Instead, they’ve been stuck behind a computer and a camera lens for most of the past couple of months.

For KU football assistant coaches Joshua Eargle (recruiting coordinator/tight ends/fullbacks), Ben Iannacchione (strength and conditioning), Jordan Peterson (safeties), Chidera Uzo-Diribe (outside linebackers) and Jonathan Wallace (special teams coordinator/running backs) nearly everything about their daily routine is different today from what it was a year ago.

Eargle and Uzo-Diribe were at Kansas in 2019 but in supporting roles. Iannacchione, Peterson and Wallace were all at different schools.

Today, they’re all in the same boat, with new offices, new roles, new responsibilities and new faces to know and names to learn.

The fact that so many of those faces have appeared in small squares on a computer screen instead of behind a helmet with a name written in black marker on a piece of tape across the top has made the transition more difficult than expected.

“If we had spring ball, there’d be a lot less anxiety by the assistant coaches,” Miles recently told the Journal-World during a phone interview from his home.

Miles typically does not make assistant coaches available for interviews.

Despite spending the spring in a virtual coaching capacity instead of on the field, Miles said his assistants were making the most of their time and doing everything in their power to be ready for the day that football resumes.

A lot of that work has been done on the recruiting trail, where KU already has secured commitments from 11 players in the 2021 class.

But Miles said staff meetings, Zoom calls with the players and the chance to discover what technology can teach them about the game has helped the entire KU football staff push through these unusual times.

“The enjoyment of getting it done is still there,” Miles said. “You raise the bar as far as it can be (raised) and expect a positive outcome and then you go perform.”

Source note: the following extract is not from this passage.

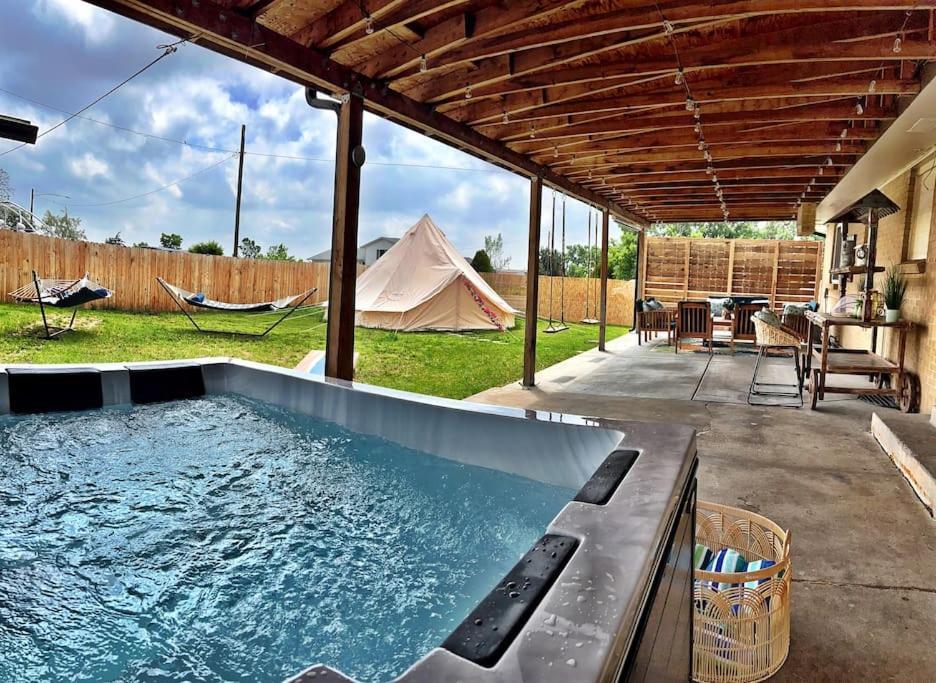 Holiday home New: Tulum Oasis In W/ Hot Tub & Games Denver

The Big 12 Conference last week identified June 15 as the first day that Big 12 football players can return to campus for voluntary workouts. Kansas Athletics, which has opened up its offices to coaches again during the past couple of weeks, is operating on that timeline.

In April, the NCAA granted coaches eight hours per week of virtual instruction with their student-athletes through May 31.

During a typical offseason, coaches are allowed to work with their players for two hours a week, with six additional weekly hours available for strength and conditioning.

That puts Iannacchione and the strength and conditioning staff in a more prominent role in the coming weeks. But Miles said he was looking forward to working with all of his new hires along with KU’s six returning full-time assistants.

“We’re fortunate to have hired some really good, young coaches,” he said.

While a more typical summer schedule — again, on a voluntary basis — is now just a couple of weeks away, it’s possible that life around the Anderson Family Football Complex will start to look a little more normal next month.

But whether that plan goes off without a hitch or brings a new set of challenges, Miles said his staff would continue to work in whatever manner was required.

“Some of the guys that we’ve added, they miss the fact that they can’t sit right next to the player and they can’t walk them through and really practice them,” Miles said. “But we’re getting it done without those essentials.”